I also use it on wheel arches and alloys...


----------



## ianrobbo1 (Feb 13, 2007)

I'm another one that sticks some in with the BH snow foam,


----------



## Sid (Feb 21, 2009)

How many people use Surfex HD as a pre-wash? Diluted to 5% as suggested above?
For use when snow foam is not available.


----------



## RS3 (Mar 5, 2018)

I use it at 10:1 as a pre - pre wash if its really mucky on the lower panels. It doesn't completely strip LSP's if at all. Been doing this for a few years. Iv'e also put it in with the foam but its hard to tell if it makes it any more effective. 2 stage pre wash better when its mucky.


----------



## wyliss (Feb 9, 2007)

I've just received 25L each of AF and Surfex. 
They are absolutely superb products and brilliant value for money. 
2 stage pre wash is a good idea especially as winter approaches.
I often just Auto Foam the car and rinse with filtered water in the winter.:thumb:


----------



## Guest (Sep 28, 2020)

Surfex (and AF) are phenomenal products, but test them on a small area before going all in. Surfex at 10% stripped cquartz UK right off my car. I can't even use it on tires with DLUX coated wheels over 5%. No clue if it effect wax the same way, but treat it as a seriously impressive and very alkaline product.


----------



## VenomUK (Oct 13, 2011)

Its a very good product. I know it will strip LSP. Not sure if you have a very watered down solution it wont strip but find that hard to believe. I've always used it as a degreaser for engine bays and arches or in a snow lance if I'm stripping a car for a full detail.


----------



## Stoner (Jun 25, 2010)

I use it Surfex at 5% as a TFR before applying BH Autofoam but only on the lower panels. The top of the car is rarely dirty enough to warrant it.


----------



## wyliss (Feb 9, 2007)

I'll be careful with my alloys that have Gtechniq C5 on them given the time it took to get the product finally on there!


----------



## Guest (Sep 29, 2020)

wyliss said:


> I'll be careful with my alloys that have Gtechniq C5 on them given the time it took to get the product finally on there!

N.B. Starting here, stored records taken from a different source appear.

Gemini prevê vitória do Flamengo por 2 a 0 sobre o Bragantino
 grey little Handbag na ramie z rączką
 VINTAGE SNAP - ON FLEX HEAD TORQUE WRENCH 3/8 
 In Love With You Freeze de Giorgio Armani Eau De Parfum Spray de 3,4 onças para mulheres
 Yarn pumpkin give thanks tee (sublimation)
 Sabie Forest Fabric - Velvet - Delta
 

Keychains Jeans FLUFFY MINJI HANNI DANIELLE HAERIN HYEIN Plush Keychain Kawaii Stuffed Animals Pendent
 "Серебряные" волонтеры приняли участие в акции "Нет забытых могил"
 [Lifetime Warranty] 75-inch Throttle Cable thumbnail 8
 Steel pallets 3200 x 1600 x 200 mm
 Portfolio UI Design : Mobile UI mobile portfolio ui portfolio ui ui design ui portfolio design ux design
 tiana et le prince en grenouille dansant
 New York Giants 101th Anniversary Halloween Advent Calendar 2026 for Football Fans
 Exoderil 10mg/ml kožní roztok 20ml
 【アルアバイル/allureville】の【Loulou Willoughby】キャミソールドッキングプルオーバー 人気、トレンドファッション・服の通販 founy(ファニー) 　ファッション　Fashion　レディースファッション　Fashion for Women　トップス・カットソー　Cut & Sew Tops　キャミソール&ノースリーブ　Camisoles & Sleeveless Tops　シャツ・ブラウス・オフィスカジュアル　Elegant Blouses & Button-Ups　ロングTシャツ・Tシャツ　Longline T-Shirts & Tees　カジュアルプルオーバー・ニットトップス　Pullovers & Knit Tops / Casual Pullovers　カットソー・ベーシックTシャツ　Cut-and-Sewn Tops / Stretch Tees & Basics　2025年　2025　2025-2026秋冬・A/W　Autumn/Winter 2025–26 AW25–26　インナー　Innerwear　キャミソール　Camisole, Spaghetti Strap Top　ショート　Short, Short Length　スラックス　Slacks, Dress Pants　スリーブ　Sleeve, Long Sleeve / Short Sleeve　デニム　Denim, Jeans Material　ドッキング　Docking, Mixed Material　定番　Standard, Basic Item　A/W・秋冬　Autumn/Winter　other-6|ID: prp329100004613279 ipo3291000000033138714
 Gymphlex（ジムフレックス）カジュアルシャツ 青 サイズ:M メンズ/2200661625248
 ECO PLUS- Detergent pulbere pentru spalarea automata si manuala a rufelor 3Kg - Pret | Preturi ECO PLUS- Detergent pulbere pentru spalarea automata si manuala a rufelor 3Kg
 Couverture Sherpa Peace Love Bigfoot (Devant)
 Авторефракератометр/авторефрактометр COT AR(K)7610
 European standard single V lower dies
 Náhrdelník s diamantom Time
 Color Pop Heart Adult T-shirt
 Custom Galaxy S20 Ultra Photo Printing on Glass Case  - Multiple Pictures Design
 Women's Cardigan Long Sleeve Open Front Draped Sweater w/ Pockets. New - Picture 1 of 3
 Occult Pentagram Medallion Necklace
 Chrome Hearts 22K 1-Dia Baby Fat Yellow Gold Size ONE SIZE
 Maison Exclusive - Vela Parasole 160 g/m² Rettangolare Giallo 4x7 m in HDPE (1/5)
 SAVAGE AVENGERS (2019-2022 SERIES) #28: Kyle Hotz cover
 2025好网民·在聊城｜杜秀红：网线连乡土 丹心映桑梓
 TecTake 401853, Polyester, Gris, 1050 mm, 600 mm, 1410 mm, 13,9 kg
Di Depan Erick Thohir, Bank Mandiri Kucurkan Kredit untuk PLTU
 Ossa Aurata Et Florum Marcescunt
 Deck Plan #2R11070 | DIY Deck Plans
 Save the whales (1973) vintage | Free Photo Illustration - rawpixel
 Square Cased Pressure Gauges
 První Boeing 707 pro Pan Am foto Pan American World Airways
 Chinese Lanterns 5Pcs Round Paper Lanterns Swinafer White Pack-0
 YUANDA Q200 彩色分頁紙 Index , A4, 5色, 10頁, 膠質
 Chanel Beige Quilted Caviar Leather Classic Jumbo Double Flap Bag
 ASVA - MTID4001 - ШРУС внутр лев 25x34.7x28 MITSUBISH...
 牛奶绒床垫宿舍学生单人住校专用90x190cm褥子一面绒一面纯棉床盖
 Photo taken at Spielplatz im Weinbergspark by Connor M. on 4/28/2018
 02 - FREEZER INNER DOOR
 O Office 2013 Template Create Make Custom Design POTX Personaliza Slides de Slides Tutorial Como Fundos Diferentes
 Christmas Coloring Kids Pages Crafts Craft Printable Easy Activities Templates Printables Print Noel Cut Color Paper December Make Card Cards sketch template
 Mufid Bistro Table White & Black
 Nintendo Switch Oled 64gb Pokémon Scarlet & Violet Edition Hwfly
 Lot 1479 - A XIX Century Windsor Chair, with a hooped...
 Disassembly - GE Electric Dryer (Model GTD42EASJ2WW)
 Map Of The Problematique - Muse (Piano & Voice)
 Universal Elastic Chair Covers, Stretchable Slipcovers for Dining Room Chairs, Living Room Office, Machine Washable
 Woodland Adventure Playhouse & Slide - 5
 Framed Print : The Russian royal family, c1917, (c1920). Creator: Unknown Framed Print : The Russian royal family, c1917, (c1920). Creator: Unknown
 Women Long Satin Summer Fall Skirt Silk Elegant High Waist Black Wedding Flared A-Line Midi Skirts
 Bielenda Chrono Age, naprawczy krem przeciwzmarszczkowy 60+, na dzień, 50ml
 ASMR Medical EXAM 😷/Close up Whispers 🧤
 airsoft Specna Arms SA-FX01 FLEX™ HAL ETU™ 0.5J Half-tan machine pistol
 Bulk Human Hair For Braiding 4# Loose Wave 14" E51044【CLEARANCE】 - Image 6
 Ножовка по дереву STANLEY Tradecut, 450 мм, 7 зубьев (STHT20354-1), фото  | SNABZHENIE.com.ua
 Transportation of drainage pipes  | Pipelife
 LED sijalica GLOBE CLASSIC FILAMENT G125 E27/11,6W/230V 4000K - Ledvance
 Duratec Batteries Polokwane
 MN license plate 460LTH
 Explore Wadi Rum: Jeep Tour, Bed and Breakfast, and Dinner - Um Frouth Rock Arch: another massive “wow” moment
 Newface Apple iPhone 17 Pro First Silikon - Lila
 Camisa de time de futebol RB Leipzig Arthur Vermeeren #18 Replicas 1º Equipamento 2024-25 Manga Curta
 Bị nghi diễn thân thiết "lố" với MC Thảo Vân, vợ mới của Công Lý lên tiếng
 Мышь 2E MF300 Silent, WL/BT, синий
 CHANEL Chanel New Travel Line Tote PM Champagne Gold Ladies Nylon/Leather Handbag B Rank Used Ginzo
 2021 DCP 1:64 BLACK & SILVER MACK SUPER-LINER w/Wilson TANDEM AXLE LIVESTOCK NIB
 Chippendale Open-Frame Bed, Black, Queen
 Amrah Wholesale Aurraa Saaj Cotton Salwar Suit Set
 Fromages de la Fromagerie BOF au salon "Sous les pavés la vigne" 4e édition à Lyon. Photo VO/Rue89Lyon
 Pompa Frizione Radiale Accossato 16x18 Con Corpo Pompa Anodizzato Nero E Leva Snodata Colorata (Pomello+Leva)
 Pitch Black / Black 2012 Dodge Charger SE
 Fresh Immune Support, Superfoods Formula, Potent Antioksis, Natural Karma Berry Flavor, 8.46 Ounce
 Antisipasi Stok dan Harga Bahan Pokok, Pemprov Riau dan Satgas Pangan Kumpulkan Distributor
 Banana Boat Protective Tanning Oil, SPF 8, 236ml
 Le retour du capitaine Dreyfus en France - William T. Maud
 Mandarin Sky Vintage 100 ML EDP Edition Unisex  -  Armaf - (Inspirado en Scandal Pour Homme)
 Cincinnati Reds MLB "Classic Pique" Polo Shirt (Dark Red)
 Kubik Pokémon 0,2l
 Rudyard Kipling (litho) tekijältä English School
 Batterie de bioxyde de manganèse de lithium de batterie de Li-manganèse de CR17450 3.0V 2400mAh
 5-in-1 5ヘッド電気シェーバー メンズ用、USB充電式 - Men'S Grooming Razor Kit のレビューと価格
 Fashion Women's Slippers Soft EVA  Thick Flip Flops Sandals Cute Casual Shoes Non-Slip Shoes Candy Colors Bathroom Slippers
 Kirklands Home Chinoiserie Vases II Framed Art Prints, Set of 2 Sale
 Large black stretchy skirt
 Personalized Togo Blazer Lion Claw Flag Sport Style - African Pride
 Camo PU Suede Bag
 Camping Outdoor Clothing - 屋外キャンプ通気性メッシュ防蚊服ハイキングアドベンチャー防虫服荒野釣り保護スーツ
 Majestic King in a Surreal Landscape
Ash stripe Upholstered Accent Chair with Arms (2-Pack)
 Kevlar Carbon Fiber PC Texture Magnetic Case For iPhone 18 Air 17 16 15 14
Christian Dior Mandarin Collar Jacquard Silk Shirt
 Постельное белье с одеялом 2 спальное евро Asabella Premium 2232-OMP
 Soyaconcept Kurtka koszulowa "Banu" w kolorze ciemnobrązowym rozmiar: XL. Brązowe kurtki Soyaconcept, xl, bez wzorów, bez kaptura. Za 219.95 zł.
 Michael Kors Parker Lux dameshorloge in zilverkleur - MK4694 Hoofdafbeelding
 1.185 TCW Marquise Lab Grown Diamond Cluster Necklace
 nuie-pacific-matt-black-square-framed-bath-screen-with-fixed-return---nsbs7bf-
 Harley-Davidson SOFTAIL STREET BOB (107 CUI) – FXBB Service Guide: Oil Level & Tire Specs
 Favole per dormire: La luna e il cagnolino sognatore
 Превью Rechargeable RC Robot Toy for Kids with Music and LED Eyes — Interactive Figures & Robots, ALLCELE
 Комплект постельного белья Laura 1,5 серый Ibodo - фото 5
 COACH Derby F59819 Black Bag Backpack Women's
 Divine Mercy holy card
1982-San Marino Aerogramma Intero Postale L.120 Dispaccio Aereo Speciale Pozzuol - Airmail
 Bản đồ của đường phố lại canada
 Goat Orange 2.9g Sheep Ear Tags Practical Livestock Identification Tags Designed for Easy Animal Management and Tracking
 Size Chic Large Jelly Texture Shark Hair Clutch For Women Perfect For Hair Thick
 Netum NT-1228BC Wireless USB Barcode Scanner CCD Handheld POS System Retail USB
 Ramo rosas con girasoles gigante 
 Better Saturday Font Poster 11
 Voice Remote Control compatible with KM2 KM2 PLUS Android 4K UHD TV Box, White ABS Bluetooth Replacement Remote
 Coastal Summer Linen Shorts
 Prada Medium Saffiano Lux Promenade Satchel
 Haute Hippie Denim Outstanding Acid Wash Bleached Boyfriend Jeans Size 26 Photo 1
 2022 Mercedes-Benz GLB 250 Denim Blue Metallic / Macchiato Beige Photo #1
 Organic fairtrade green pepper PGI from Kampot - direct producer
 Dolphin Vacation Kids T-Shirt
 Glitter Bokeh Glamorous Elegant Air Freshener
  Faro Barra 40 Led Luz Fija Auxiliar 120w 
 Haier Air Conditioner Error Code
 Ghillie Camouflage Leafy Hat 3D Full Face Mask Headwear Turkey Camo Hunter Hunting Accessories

Indeed. I'm still looking for a PH neutral tyre cleaner that does a decent job. Surfex was always my go to, but even at 5% it degrades coatings and I feel I need around 10% to get tyres really clean.


----------



## Brian1612 (Apr 5, 2015)

DannyRS3 said:


> Indeed. I'm still looking for a PH neutral tyre cleaner that does a decent job. Surfex was always my go to, but even at 5% it degrades coatings and I feel I need around 10% to get tyres really clean.


That's why I use autoglanz rebound. Not only is it very economical with 2-3 sprays all that's needed per alloy. Due to the thicker gel like consistency you can spray it on then spread around the tyre with the brush, keeping it away from the alloy for the most part.

Sent from my SM-G975F using Tapatalk


----------



## wyliss (Feb 9, 2007)

I normally apply to a Tuff Shine brush first. Less is more as Surfex is so good. I find it doesn't drip on the alloy and then I just PW off.


----------